## Your objective
For the listing below, output exactly the lines from the line with "Como Pasar WHATSAPP" up to and including the line with "London City Business District Skyline", and no other lines.
[Opening Supplied material section]
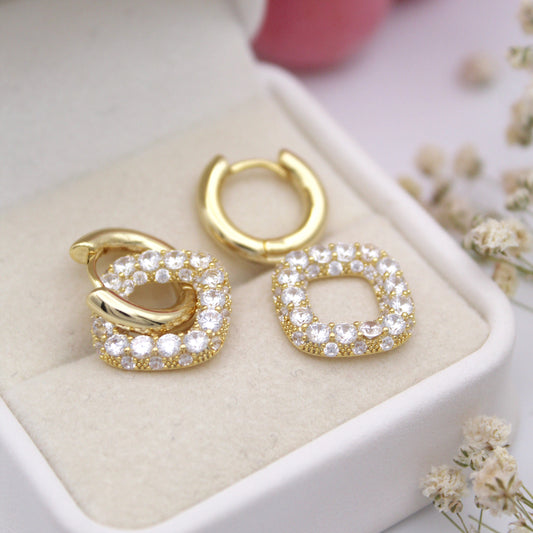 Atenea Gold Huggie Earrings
[Closing Supplied material section]
[Opening Supplied material section]
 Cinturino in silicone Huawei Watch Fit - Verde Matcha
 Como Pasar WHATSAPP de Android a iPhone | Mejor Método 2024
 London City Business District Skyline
[Closing Supplied material section]
[Opening Supplied material section]
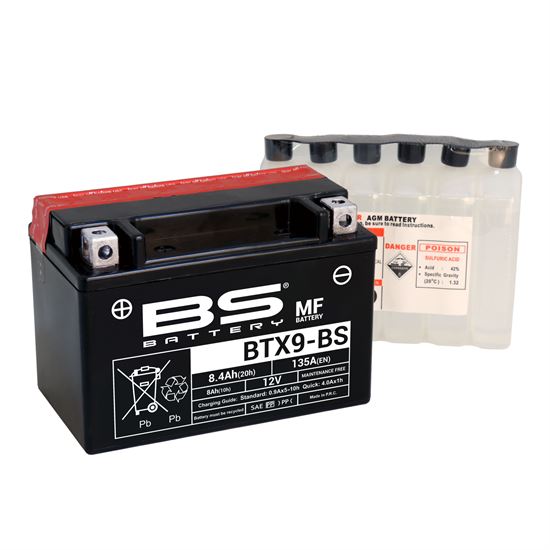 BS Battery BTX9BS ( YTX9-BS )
[Closing Supplied material section]
## Answer to this exercise
 Como Pasar WHATSAPP de Android a iPhone | Mejor Método 2024
 London City Business District Skyline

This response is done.